(WSJ MarketBeat) Investors voted with their wallets today, removing funds from the equity and credit markets as the testimonies of the Committee to (Save? Ruin?) the World (Fed Chairman Ben Bernanke, Treasury Secretary Hank Paulson, and SEC Chairman Christopher Cox) wore on and various senators expressed skepticism of the $700 billion garbage barge trust.
In part, what soured people on the Treasury proposal was a bit of detail out of Mr. Bernanke, who said the Treasury’s plan would be to buy assets at “hold-to-maturity” levels, rather than at “fire sale” prices.
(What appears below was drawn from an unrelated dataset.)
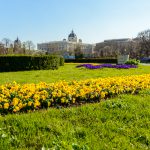Vienna in spring: Volksgarten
Assuming — as many Wall Street firms did over the last few years — that the underlying mortgages of these debt securities would not perform as poorly as the current prices suggest, the Treasury would make money on this over time, while freeing the banks’ balance sheets and providing them adequate capital.
Bargain-basement prices for this mortgage-backed junk would not help banks adequately recapitalize. Still, analysts reacted with some derision. “We would rather see Treasury buy the assets cheap and use the remainder of the funds infused into the financial institution to buy preferred stock,” writes Len Blum, managing director at Westwood Capital.
The proximity to the election complicates the issue further. David Ader, government-bond strategist at RBS Greenwich Capital, notes that it is a politically difficult sell to go to voters and tell them you’re proud to have kept employed “many of the same firms that created the mess and paying more for their crappy securities than they themselves would be willing to pay. Vote for me.”